__Exercise instructions__: The whole listing, apart from its images, should be restated word for word.

(Data block begins)

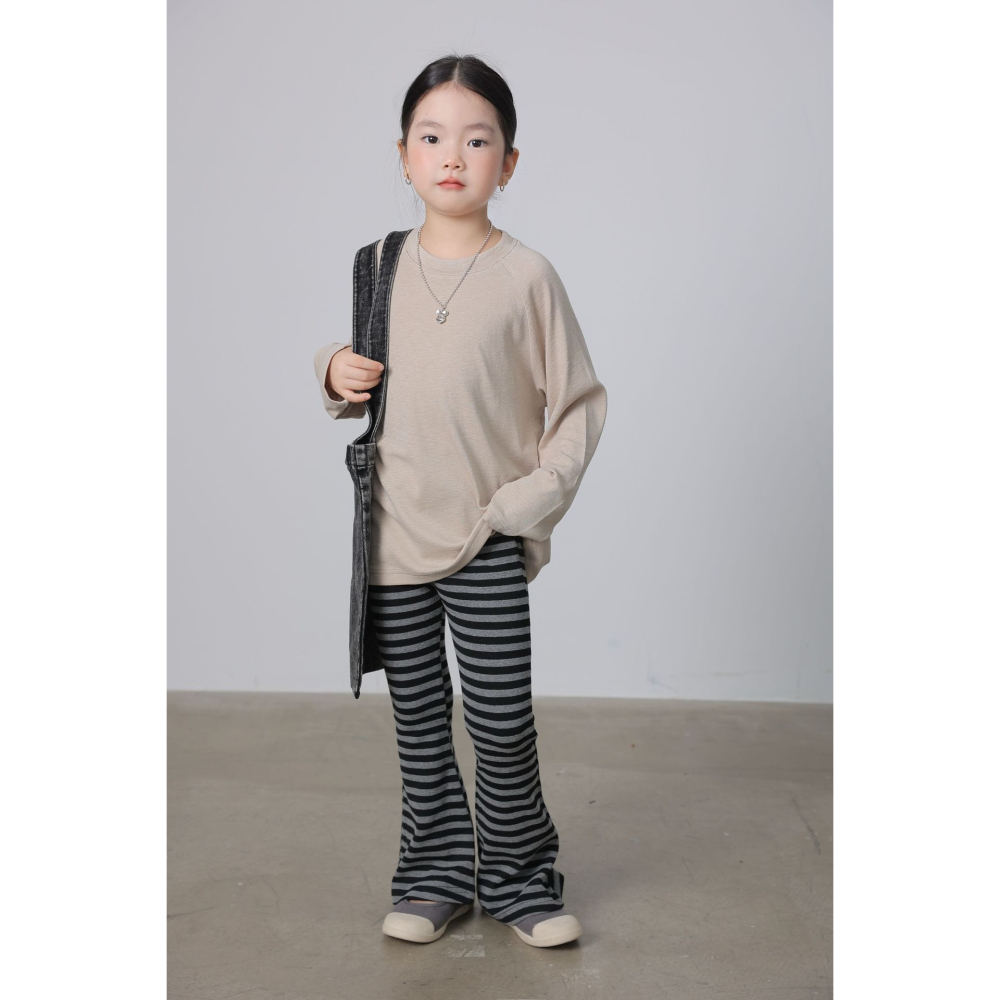 親子-條紋喇叭褲S509309-細節圖2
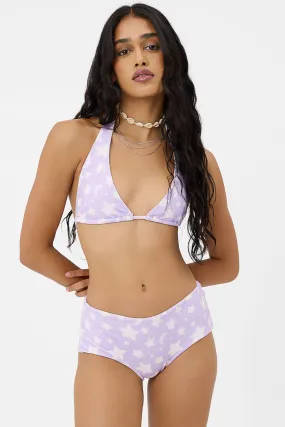 Harlow Terry Halter Bikini Top - Luna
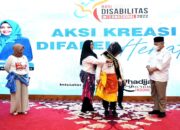 Ketua Tim Penggerak Pemberdayaan Kesejahteraan Keluarga (TP-PKK) Sumatera Utara (Sumut), Nawal Lubis Dinobatkan sebagai Bunda Difabel Sumut.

(Data block ends)

__Written solution__:
 親子-條紋喇叭褲S509309-細節圖2
 Harlow Terry Halter Bikini Top - Luna
 Ketua Tim Penggerak Pemberdayaan Kesejahteraan Keluarga (TP-PKK) Sumatera Utara (Sumut), Nawal Lubis Dinobatkan sebagai Bunda Difabel Sumut.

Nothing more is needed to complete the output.